X = df.drop("CreditRisk", axis=1)
y = df["CreditRisk"]

# Load feature groups (saved from Notebook 01)
with open("../configs/feature_groups.json", "r") as f:
    feature_groups = json.load(f)

num_cols = feature_groups["num_cols"]
simple_cat_cols = feature_groups["simple_cat_cols"]
complex_cat_cols = feature_groups["complex_cat_cols"]

num_cols, simple_cat_cols, complex_cat_cols


(['Duration',
  'CreditAmount',
  'InstallmentRate',
  'ResidenceSince',
  'Age',
  'ExistingCredits',
  'PeopleLiable'],
 ['OtherDetors',
  'OtherInstallmentPlans',
  'Housing',
  'Telephone',
  'ForeignWorker'],
 ['Status',
  'CreditHistory',
  'Purpose',
  'Savings',
  'Employment',
  'SexAndStatus',
  'Property',
  'Job'])

In [5]:
# Numeric pipeline: impute median + scale
num_pipeline = Pipeline(steps=[
    ("imputer", SimpleImputer(strategy="median")),
    ("scaler", StandardScaler())
])

# Simple categorical pipeline: impute most frequent + one-hot encode
simple_cat_pipeline = Pipeline(steps=[
    ("imputer", SimpleImputer(strategy="most_frequent")),
    ("onehot", OneHotEncoder(handle_unknown="ignore", sparse_output=False))
])

# Complex categorical pipeline: impute most frequent + target encode
complex_cat_pipeline = Pipeline(steps=[
    ("imputer", SimpleImputer(strategy="most_frequent")),
    ("targetenc", TargetEncoder())
])

# Combine everything into a ColumnTransformer
preprocessor = ColumnTransformer(
    transformers=[
        ("num", num_pipeline, num_cols),
        ("simple_cat", simple_cat_pipeline, simple_cat_cols),
        ("complex_cat", complex_cat_pipeline, complex_cat_cols),
    ]
)


### Preprocessing pipelines

- Numeric: median imputation + scaling.  
- Simple categorical: mode imputation + one-hot encoding.  
- Complex categorical: mode imputation + target encoding.  

These pipelines cover all feature groups and are combined into a single ColumnTransformer for use in model training.


In [6]:
# Fit the preprocessor on the dataset and transform
X_transformed = preprocessor.fit_transform(X, y)

print("Original shape:", X.shape)
print("Transformed shape:", X_transformed.shape)

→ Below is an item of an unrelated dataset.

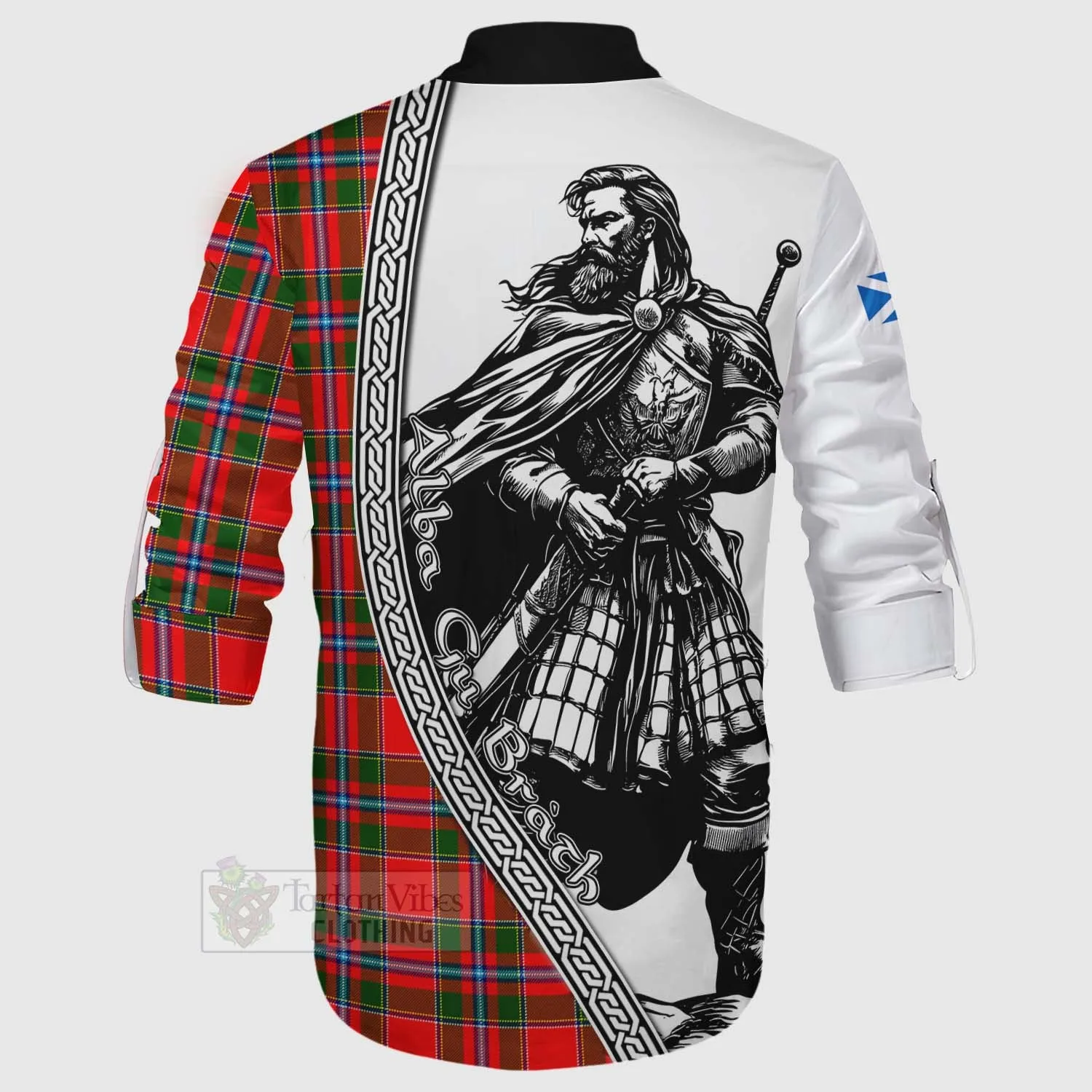 Butter Tartan Clan Crest Ghillie Kilt Shirt with Highlander Warrior Celtic Style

# Build DataFrame with column names for inspection
import numpy as np

# Get transformed column names
num_features = preprocessor.named_transformers_["num"].get_feature_names_out(num_cols).tolist()
simple_features = preprocessor.named_transformers_["simple_cat"].get_feature_names_out(simple_cat_cols).tolist()
complex_features = complex_cat_cols  # target encoder keeps same col names

all_features = num_features + simple_features + complex_features

X_transformed_df = pd.DataFrame(X_transformed, columns=all_features)

X_transformed_df.head()


Original shape: (1000, 20)
Transformed shape: (1000, 28)


Unnamed: 0,Duration,CreditAmount,InstallmentRate,ResidenceSince,Age,ExistingCredits,PeopleLiable,OtherDetors_co-applicant,OtherDetors_guarantor,OtherDetors_none,...,ForeignWorker_no,ForeignWorker_yes,Status,CreditHistory,Purpose,Savings,Employment,SexAndStatus,Property,Job
0,-1.236478,-0.745131,0.918477,1.046987,2.766456,1.027079,-0.42829,0.0,0.0,1.0,...,0.0,1.0,0.492701,0.170648,0.221429,0.174863,0.252964,0.266423,0.212766,0.295238
1,2.248194,0.949817,-0.870183,-0.765977,-1.191404,-0.704926,-0.42829,0.0,0.0,1.0,...,0.0,1.0,0.390335,0.318868,0.221429,0.359867,0.306785,0.351613,0.212766,0.295238
2,-0.738668,-0.416562,-0.870183,0.140505,1.183312,-0.704926,2.334869,0.0,0.0,1.0,...,0.0,1.0,0.116751,0.170648,0.43336,0.359867,0.224138,0.266423,0.212766,0.28
3,1.750384,1.634247,-0.870183,1.046987,0.831502,-0.704926,2.334869,0.0,1.0,0.0,...,0.0,1.0,0.492701,0.318868,0.320442,0.359867,0.224138,0.266423,0.306034,0.295238
4,0.256953,0.566664,0.024147,1.046987,1.535122,1.027079,2.334869,0.0,0.0,1.0,...,0.0,1.0,0.492701,0.318162,0.380342,0.359867,0.306785,0.266423,0.435065,0.295238


### Transformed dataset

- Original dataset: (1000 rows, 20 features).  
- Transformed dataset: larger feature space (28 features) due to one-hot encoding.  
- Column names are preserved for numeric and complex features, and expanded for simple categorical (OHE).  

This confirms the preprocessing design works as intended and can be embedded in the training pipeline.